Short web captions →
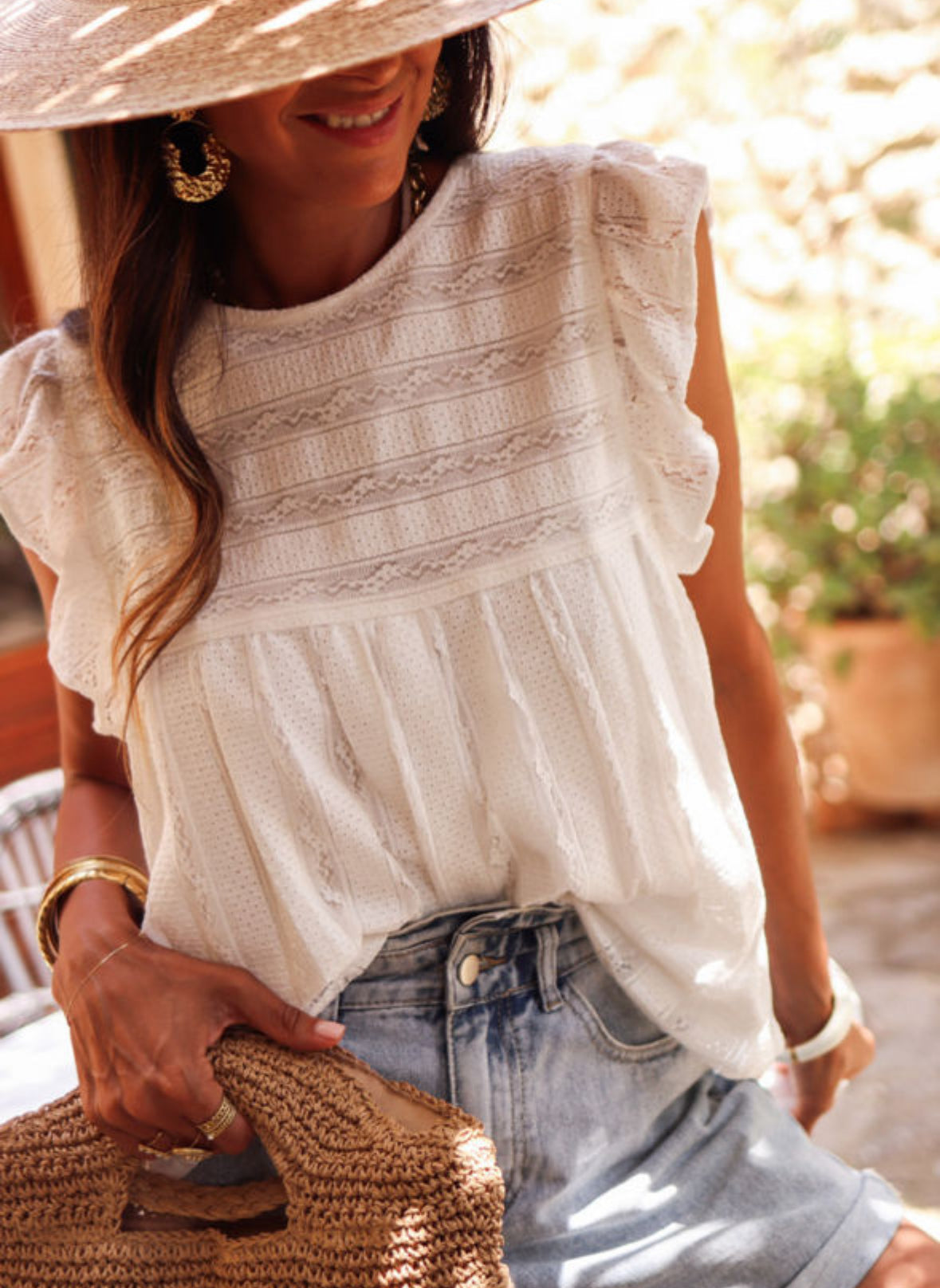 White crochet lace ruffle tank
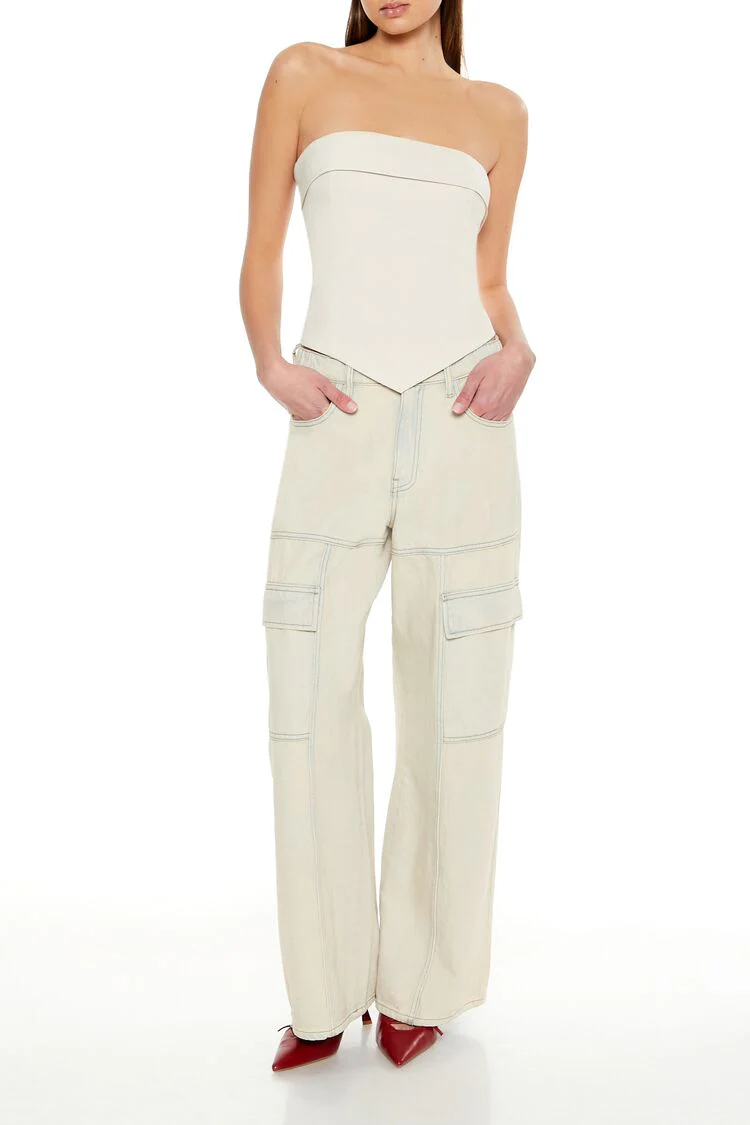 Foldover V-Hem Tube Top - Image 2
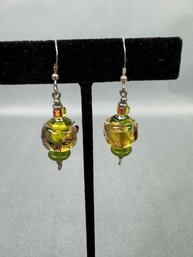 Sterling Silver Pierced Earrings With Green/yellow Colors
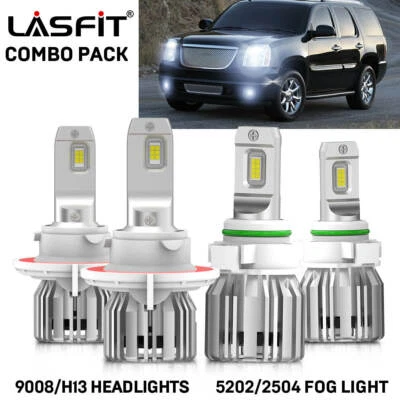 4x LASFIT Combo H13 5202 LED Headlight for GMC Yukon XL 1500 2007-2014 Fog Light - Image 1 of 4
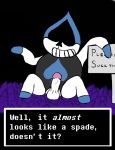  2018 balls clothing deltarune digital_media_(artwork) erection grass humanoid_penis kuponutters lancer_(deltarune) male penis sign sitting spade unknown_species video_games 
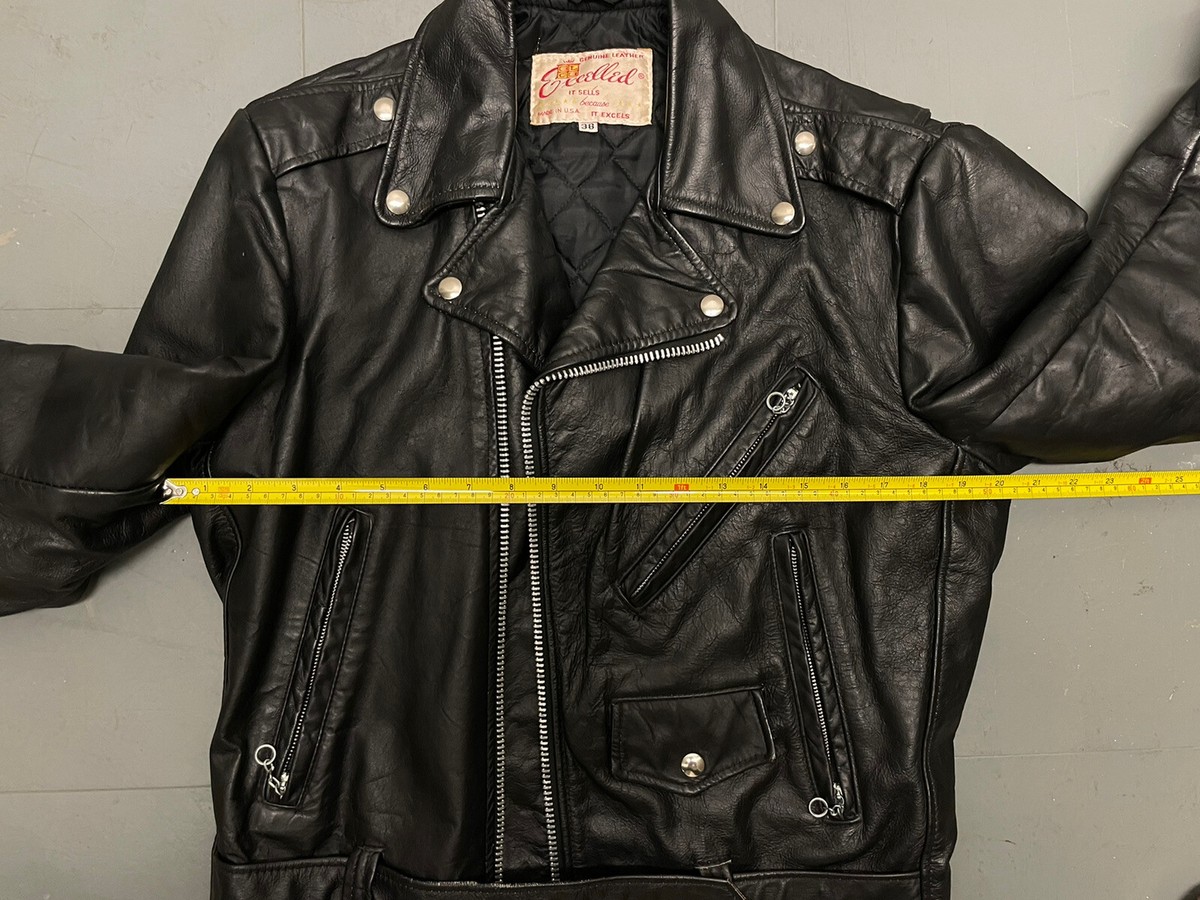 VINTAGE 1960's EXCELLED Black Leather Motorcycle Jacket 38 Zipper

Task directions → Write every line above out again exactly; pictures do not belong in the copy.

Output →
 White crochet lace ruffle tank
 Foldover V-Hem Tube Top - Image 2
 Sterling Silver Pierced Earrings With Green/yellow Colors
 4x LASFIT Combo H13 5202 LED Headlight for GMC Yukon XL 1500 2007-2014 Fog Light - Image 1 of 4
  2018 balls clothing deltarune digital_media_(artwork) erection grass humanoid_penis kuponutters lancer_(deltarune) male penis sign sitting spade unknown_species video_games 
 VINTAGE 1960's EXCELLED Black Leather Motorcycle Jacket 38 Zipper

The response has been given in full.